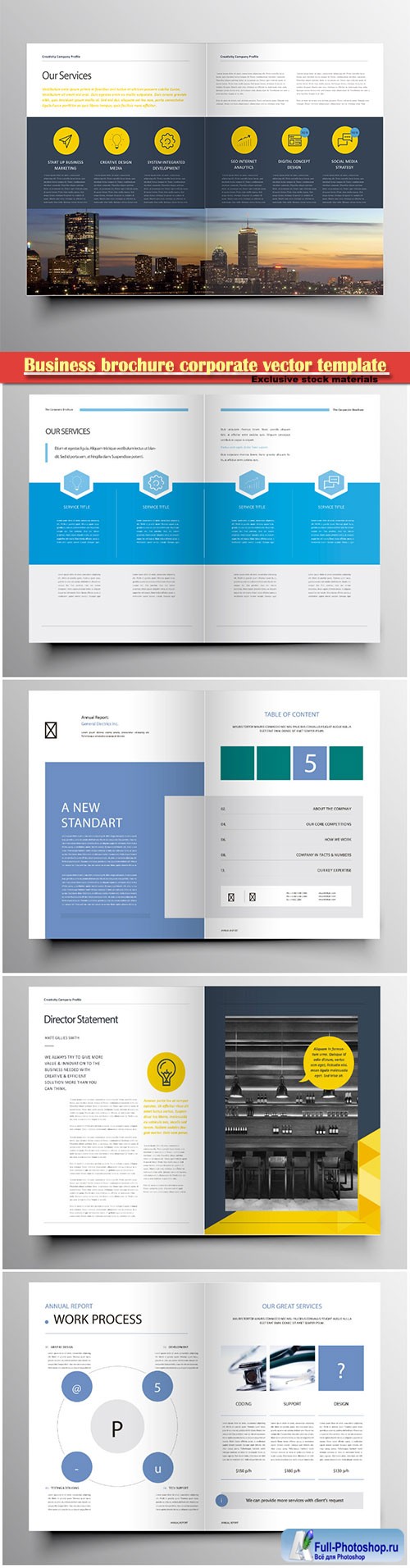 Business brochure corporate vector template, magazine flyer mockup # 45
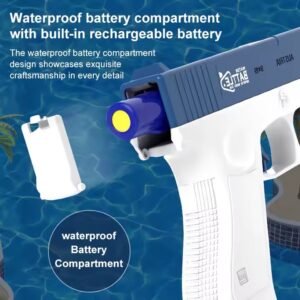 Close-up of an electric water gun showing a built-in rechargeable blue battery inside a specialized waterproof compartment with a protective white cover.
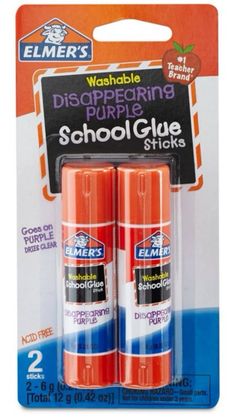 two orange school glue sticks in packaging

* * *

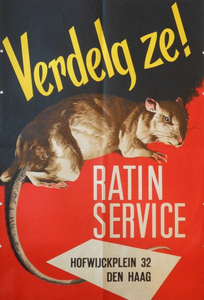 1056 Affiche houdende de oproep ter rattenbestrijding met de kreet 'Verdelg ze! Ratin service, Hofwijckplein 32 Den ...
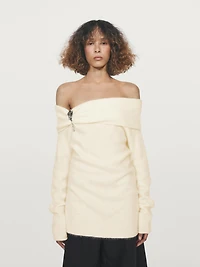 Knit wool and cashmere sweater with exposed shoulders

--

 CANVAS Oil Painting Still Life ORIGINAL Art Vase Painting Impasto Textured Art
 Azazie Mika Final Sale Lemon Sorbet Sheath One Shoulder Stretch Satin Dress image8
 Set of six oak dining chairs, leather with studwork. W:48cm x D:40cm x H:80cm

▶ [Assignment] Using the data above, copy exactly the lines from the one containing "Business brochure corporate" to the one containing "two orange school glue sticks in packaging", inclusive. Exclude the pictures.

▶ [Finished task]
 Business brochure corporate vector template, magazine flyer mockup # 45
 Close-up of an electric water gun showing a built-in rechargeable blue battery inside a specialized waterproof compartment with a protective white cover.
 two orange school glue sticks in packaging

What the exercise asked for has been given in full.